| WHAT NEEDS TO BE DONE |
What is needed is an exact repetition of the lines below, from the first one through the one holding "Our Family United", with no pictures and nothing else.

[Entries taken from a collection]
━━━

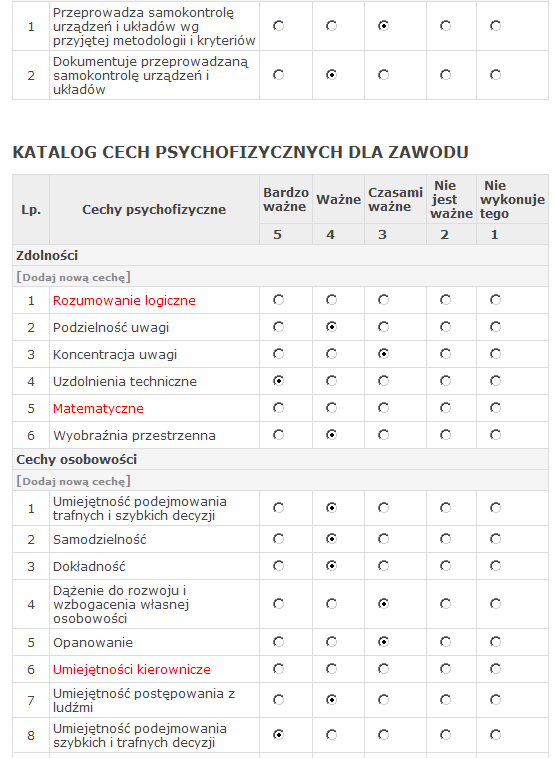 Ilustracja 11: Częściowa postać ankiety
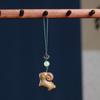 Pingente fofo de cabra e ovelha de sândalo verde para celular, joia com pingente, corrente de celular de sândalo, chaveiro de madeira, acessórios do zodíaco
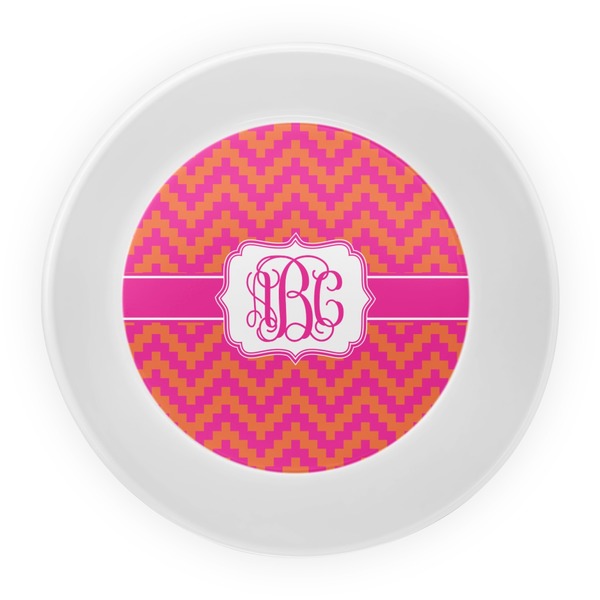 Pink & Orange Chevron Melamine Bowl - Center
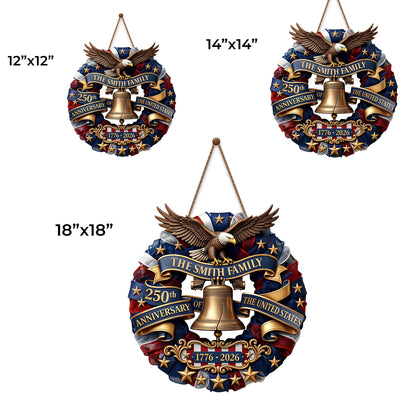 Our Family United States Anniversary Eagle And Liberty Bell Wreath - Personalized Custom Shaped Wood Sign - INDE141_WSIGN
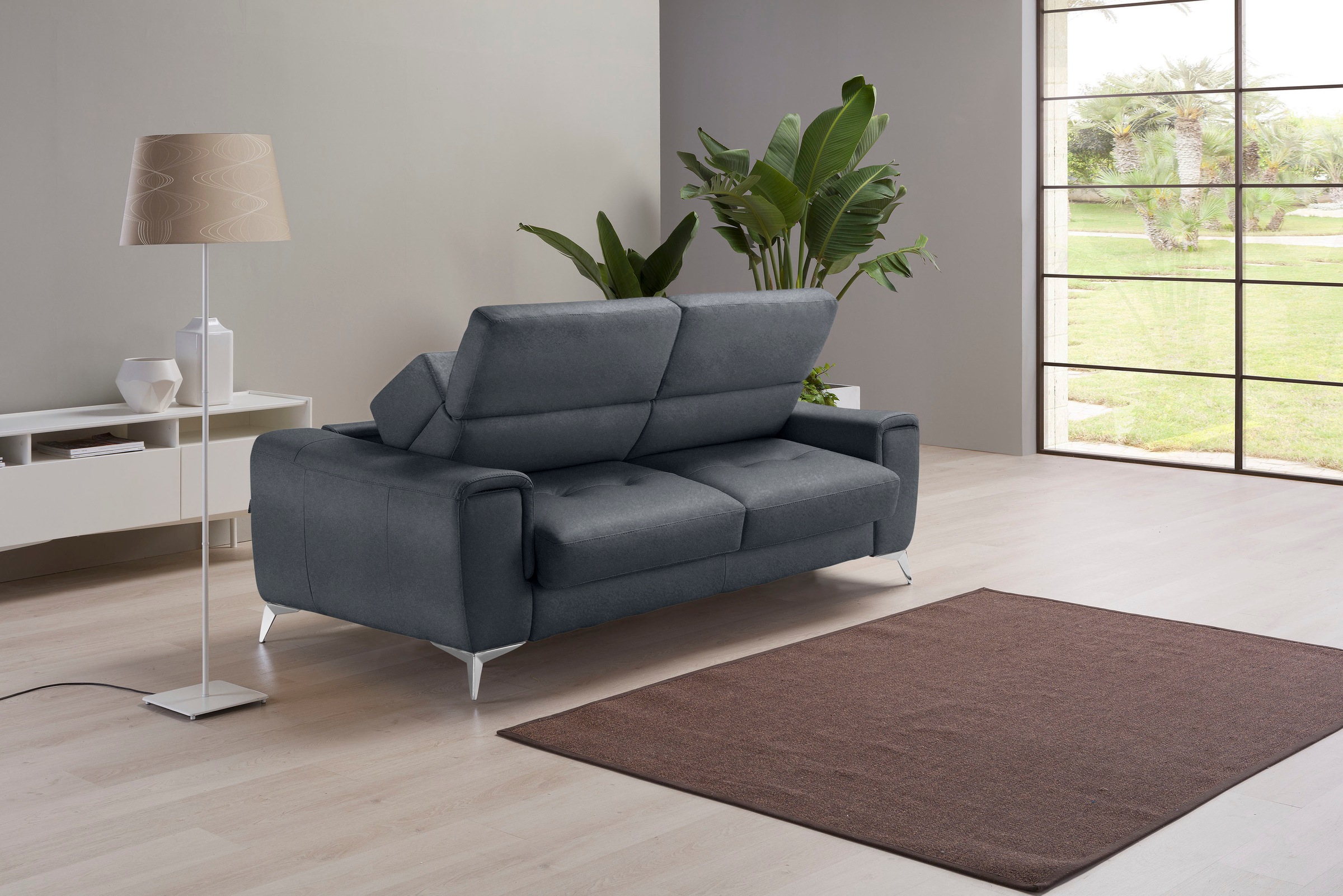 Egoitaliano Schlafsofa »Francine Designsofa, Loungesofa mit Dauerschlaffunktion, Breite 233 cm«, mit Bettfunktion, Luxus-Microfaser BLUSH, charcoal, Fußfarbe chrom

━━━

| COMPLETED EXERCISE |
 Ilustracja 11: Częściowa postać ankiety
 Pingente fofo de cabra e ovelha de sândalo verde para celular, joia com pingente, corrente de celular de sândalo, chaveiro de madeira, acessórios do zodíaco
 Pink & Orange Chevron Melamine Bowl - Center
 Our Family United States Anniversary Eagle And Liberty Bell Wreath - Personalized Custom Shaped Wood Sign - INDE141_WSIGN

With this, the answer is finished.